This is the mail archive of the
xsl-list@mulberrytech.com
mailing list .
RE: Generating indexes
- To: "'xsl-list at lists dot mulberrytech dot com'" <xsl-list at lists dot mulberrytech dot com>
- Subject: RE: [xsl] Generating indexes
- From: Stuart Brown <Stuart dot Brown at helicon dot co dot uk>
- Date: Tue, 25 Sep 2001 11:32:13 +0100
- Reply-To: xsl-list at lists dot mulberrytech dot com
If you were to have your file divided into numbered units (1, 1.1, 1.2,
1.2.1, 1.2.2, etc.) you could grab the number attribute of the ancestor
parent of each individual instance of <index>. The reference to a numbered
chunk of text is not uncommon, and easy enough to navigate (as long as your
text chunks are of a medium size), and would allow you to repurpose the same
data for eBooks, etc., where pagination varies according to user settings.
-----Original Message-----
From: Gustaf Liljegren [mailto:gustaf.liljegren@xml.se]
Sent: 25 September 2001 11:09
To: XSL List
Subject: [xsl] Generating indexes
I have a document in XML with some words marked up with <index> tags. This
document is later going to be transformed into PDF and printed like a book,
with an index. I'm aiming to do this task automatically.
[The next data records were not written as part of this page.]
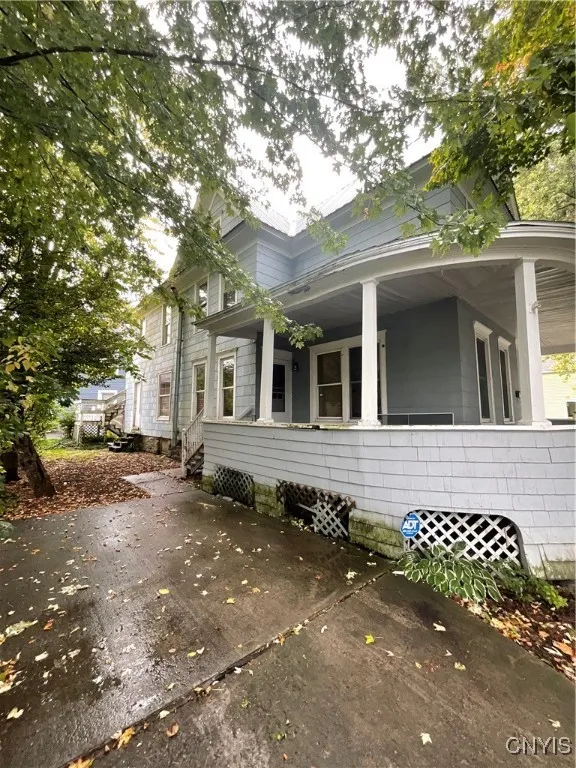 409 South Massey Street, Watertown City, New York, Watertown City, New York 13601, 2 Bedrooms Bedrooms, 5 Rooms Rooms,1 BathroomBathrooms,Residential Lease,For Rent,409 South Massey Street, Watertown City, New York ,0,S1642643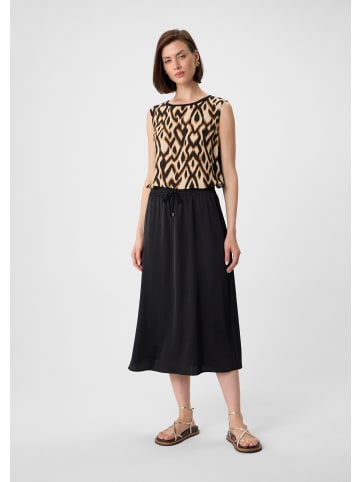 comma Rock in 9999_schwarz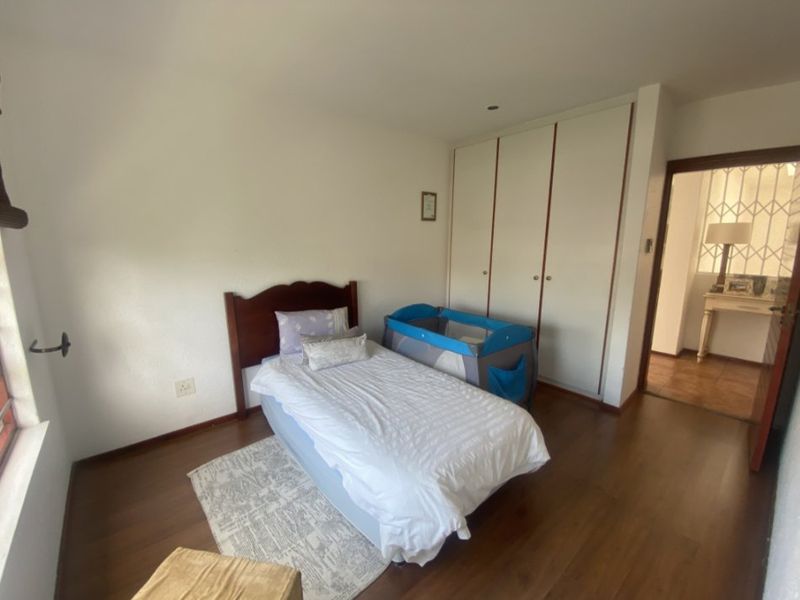 Luxurious 5-Bedroom House for Sale with Pool and Modern Amenities - Photo 10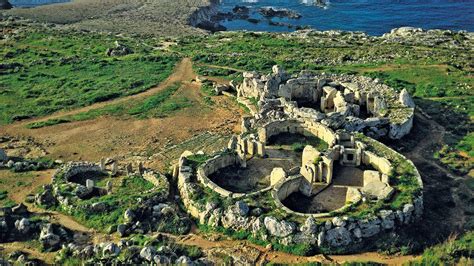 Ġgantija temples Landmark, Malta | YachtCharterFleet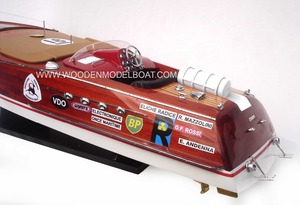 Modelo de Barco de Madera SUPER RIVA ZOOMZ - GIA NHIEN, Hecho a Mano, Náutico, Pintado al Estilo Europeo, Regalo Empresarial - Product Image 1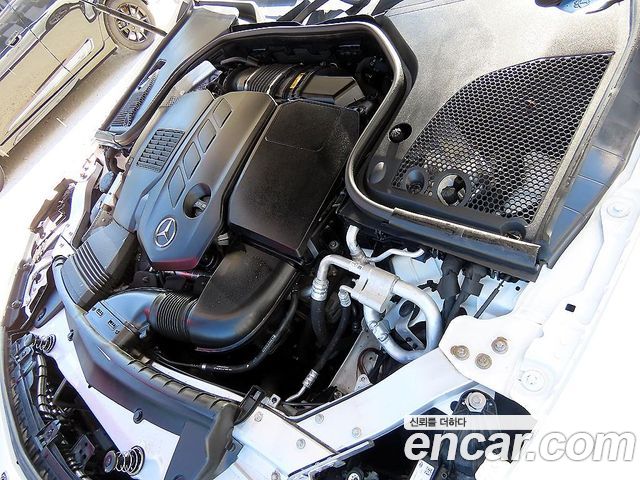 Mercedes-Benz CLS-Class 2019 — photo 19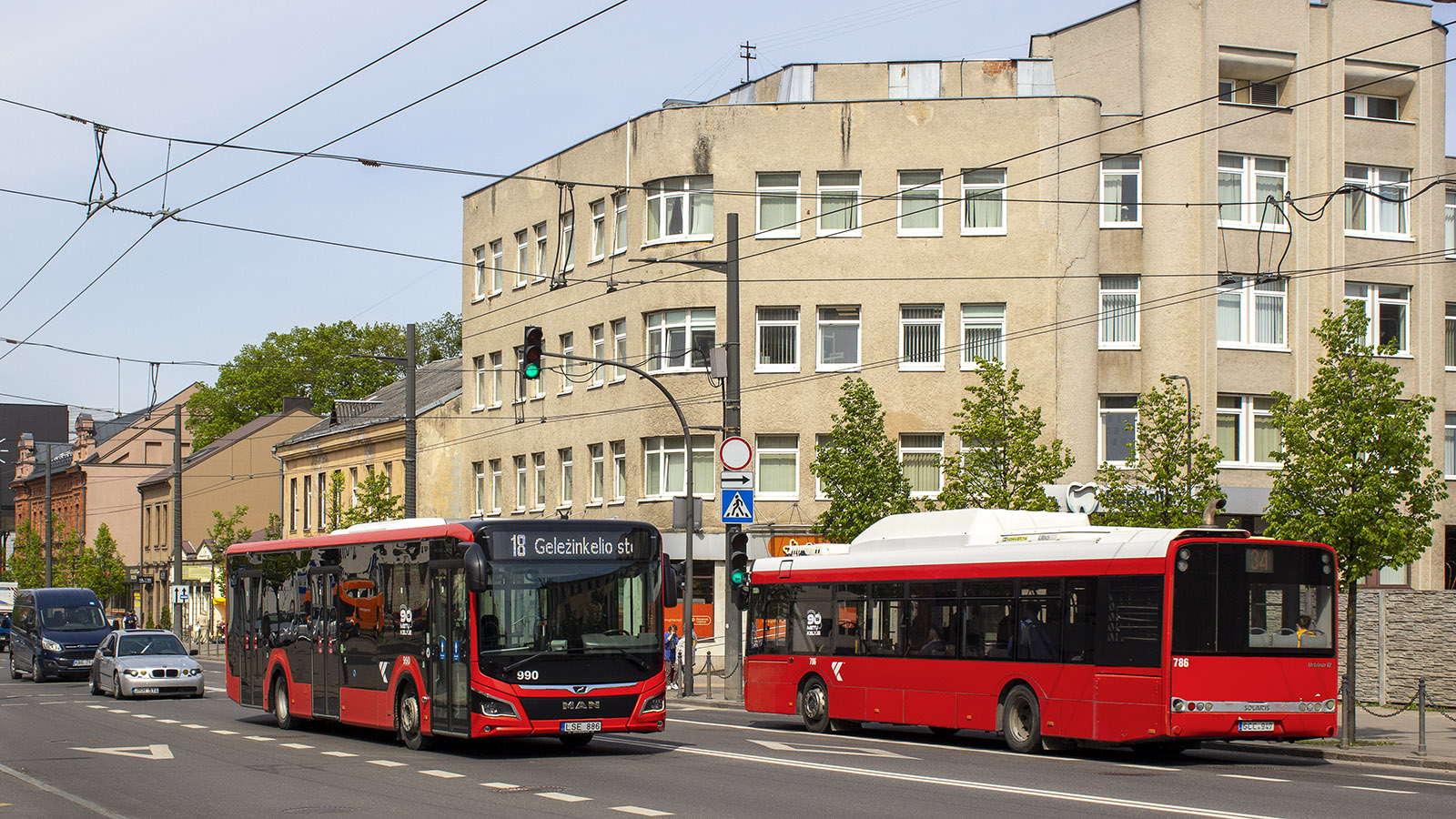 Литва, MAN 12C Lion's City 12 NL330 EfficientHybrid № 990; Литва, Solaris Urbino III 12 CNG № 786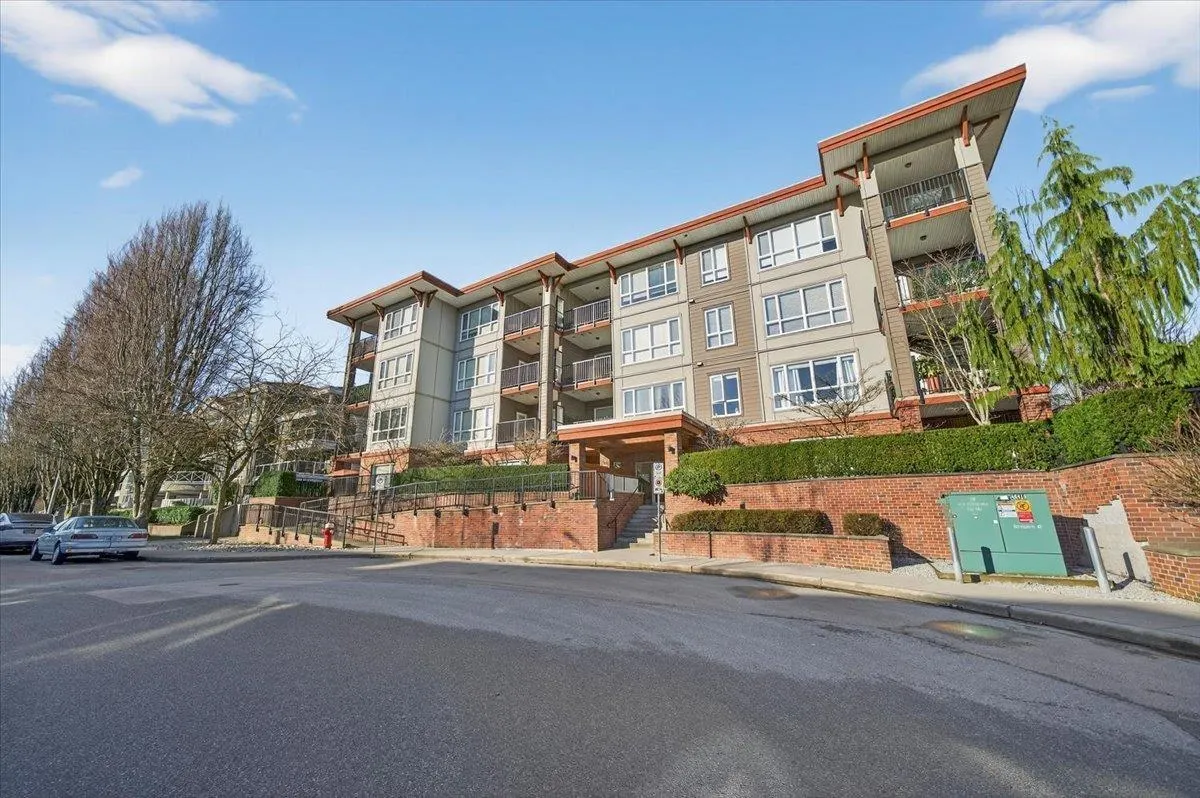 2473 Atkins Avenue #102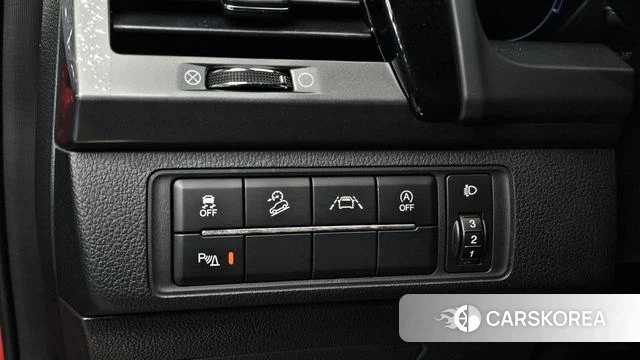 Ssangyong The New Rexton Sports Cannes id 5002472 из Кореи 21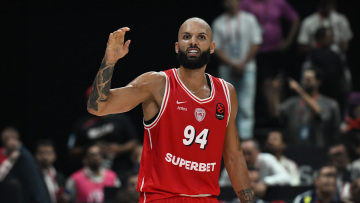 Στον τελικό του Euroleague Super Cup με φανταστικό Φουρνιέ ο Ολυμπιακός, 92-90 τη Φενέρ στο Άμπου Ντάμπι 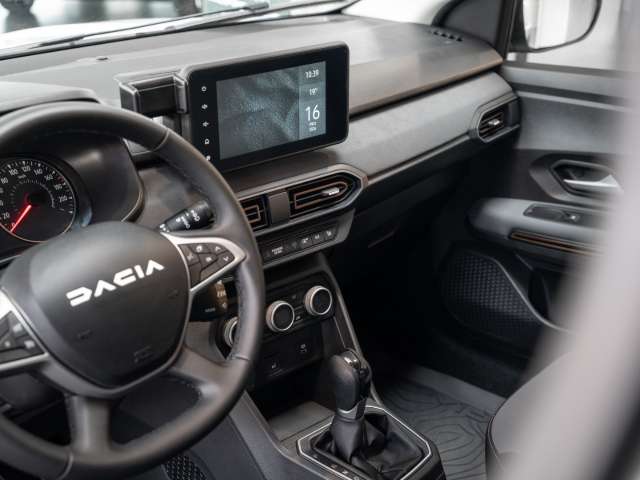 Fahrzeugbild eines Dacia Sandero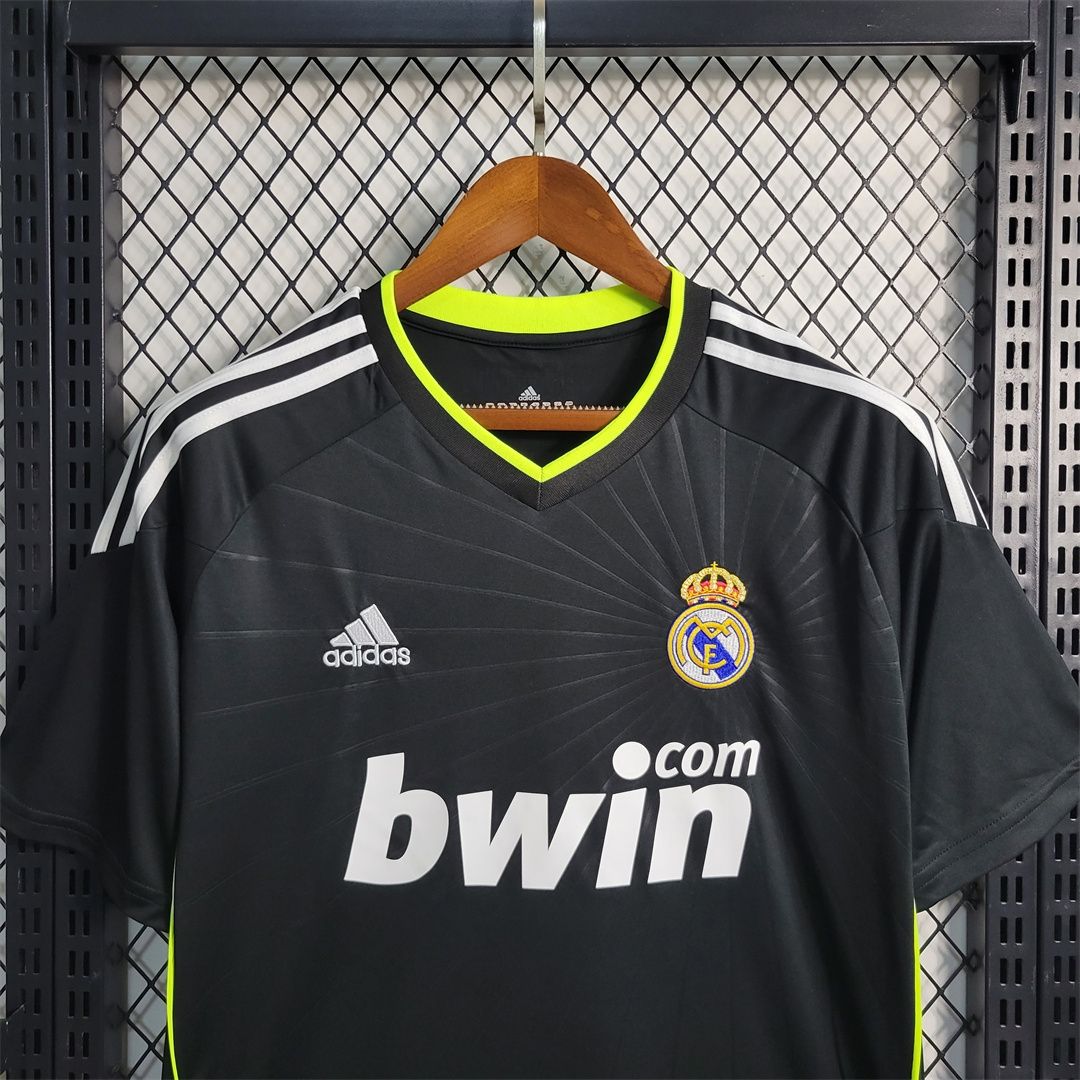 Real Madrid Away 10/11 Retro Jersey  Real Madrid Away 10/11 Retro Jersey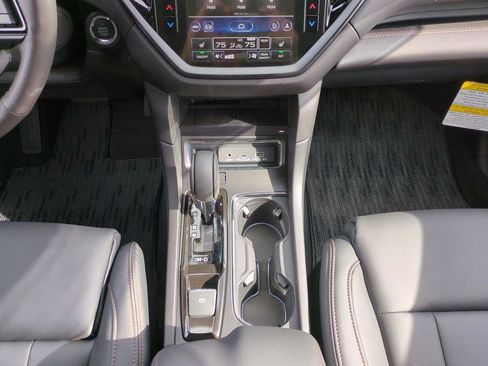 New 2026 Subaru Ascent Limited Bronze image 15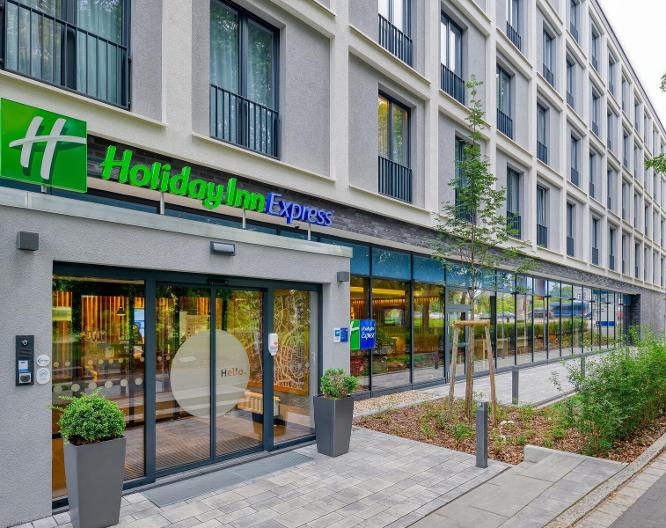Holiday Inn Express Goettingen - Außenansicht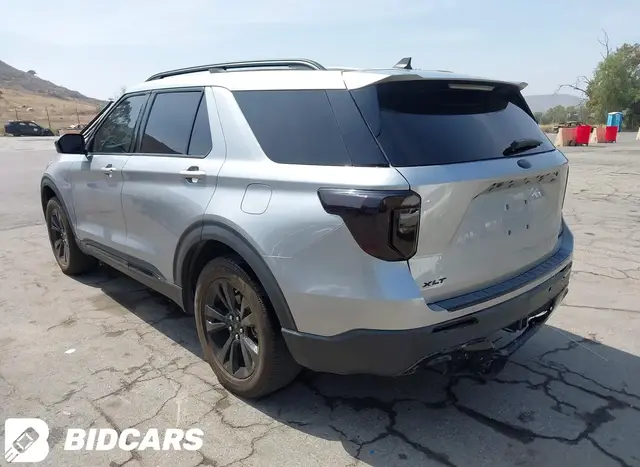 FORD EXPLORER 2023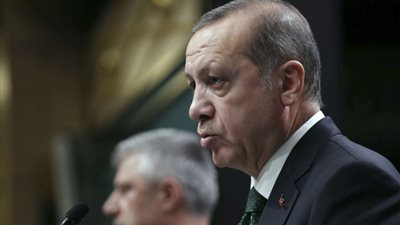 نائب معارض: رجال أردوغان رشوا البيروقراطيين بالعاهرات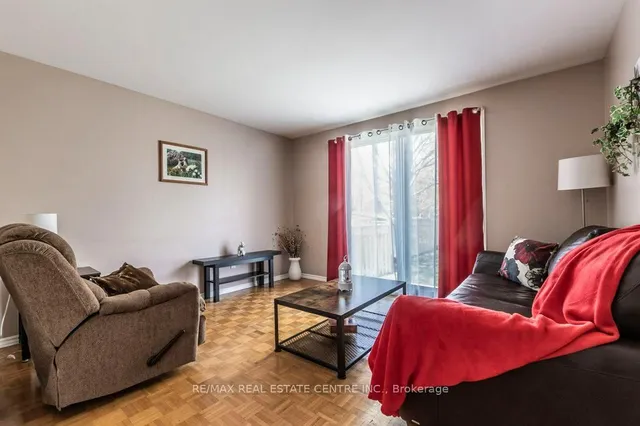 Additional image 20 of 65 Lorne Scots Dr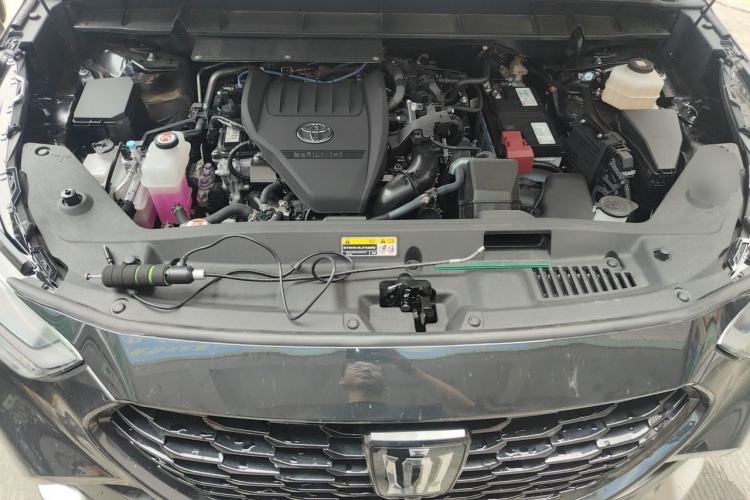 Used Toyota Crown Kluger 2026 Model 2.0T All-Wheel-Drive Dynamic Edition Engine Bay
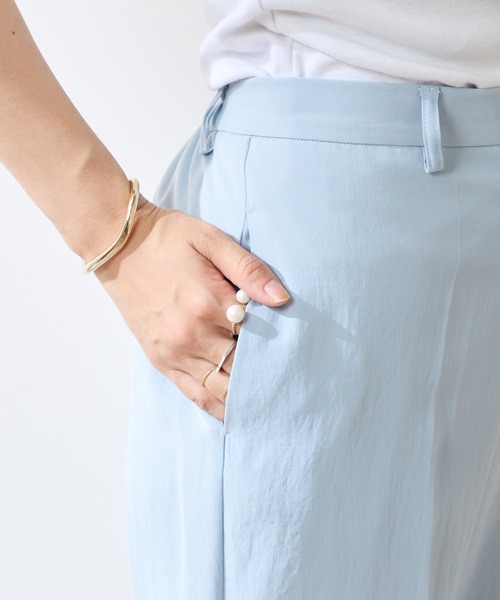 SHENERY（シーナリー）の「センタープレスストレートパンツ（その他パンツ・レディース・ベージュ/イエロー/ブルー・38/36）」の19枚目の写真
The general idea is to collect the words and phrases marked-up with <index>,
plus the pages on which they appear, to get a list of all matches, in no
particular order, or possibly document order. In a positional flat file, it
may look like this:
12 yoghurt
153 milk
122 yoghurt
132 egg
43 olive oil
32 egg
As soon as I have the page numbers I have total control when producing an
index. I can do scripts that handle cases like 121, 123, 124, 125 (should be
"121, 123-125"). I can handle special characters like á, é, å, ä and ö so
they appear in correct order and so on.
The hard thing is to generate this file of matches.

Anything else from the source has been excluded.